For four seasons, Edawn Louis Coughman made the rounds in the NFL. From 2012 to 2016, the now-31-year-old was apart of six different teams: the Seattle Seahawks, Dallas Cowboys, Buffalo Bills, Tampa Bay Buccaneers, Washington Redskins and Houston Texans. For most of his career, Coughman's affiliation with many of those teams was during the offseason or as a member of the practice squad. Since 2016, the offensive tackle has been a free agent, and while he's been living a fairly quiet life, he's made headlines after becoming the target of a recent alleged hate crime.
Coughman owns Create & Bake Restaurant and Coughman's Creamery, an establishment nestled in a suburb of Atlanta. According to Gwinett County Police, they received a call last Tuesday from someone who indicated that a person in a black Chevrolet Silverado with no license plate broke into the bakery. When police arrived, they saw a number of spray-painted words and images inside including "MAGA," "n*gger," and a swastika. According to NBC News, the surveillance equipment was damaged, wires were cut, cushions in the seating area were sliced, mirrors were broken, and the spray paint was still wet.
Police immediately canvassed the area looking for the black vehicle described by the caller and located it not far from from the bakery. When they pulled the truck over, Coughman was behind the wheel and in the cab of the truck were "several televisions" that were "still attached to the brackets with damaged drywall," according to police.

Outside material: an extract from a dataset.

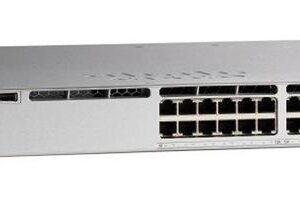 Коммутатор Cisco C9300-24UX-A
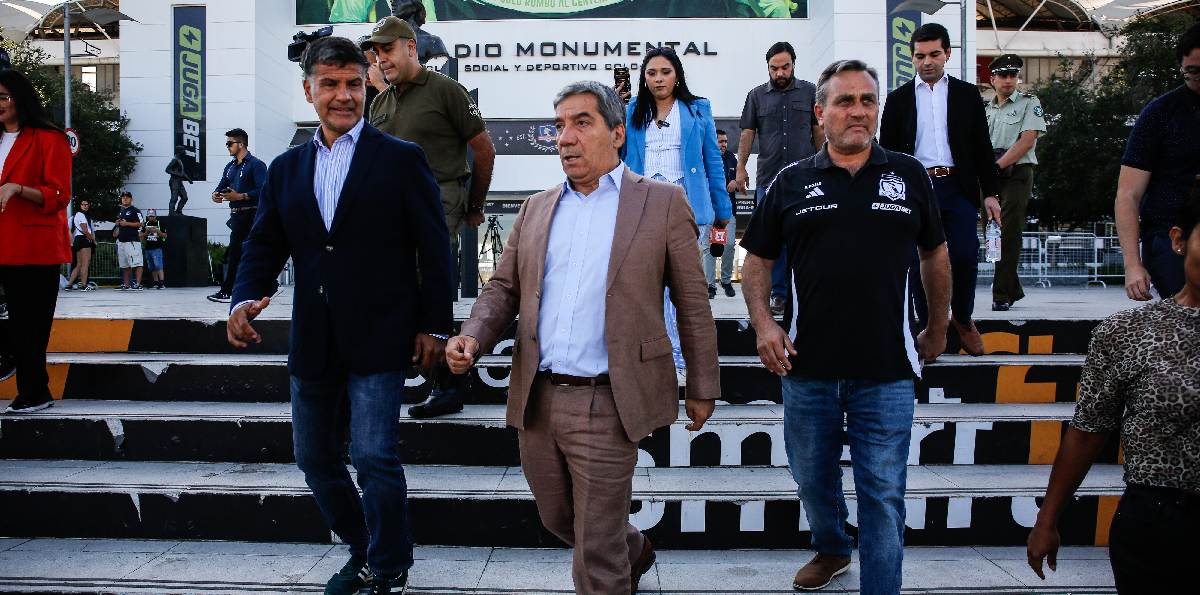 Delegado Durán destacó sistema biométrico entre las medidas de seguridad para el Superclásico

"It appears as though Edawn conjured a premeditated plan to damage his own property, attempt to make it appear as a hate crime, file a claim with his insurance company, and sell off the undamaged appliances and electronics," said police. Coughman was arrested and charged with concealing a license plate, insurance fraud, and filing a false report of a crime. He's since bonded out of jail.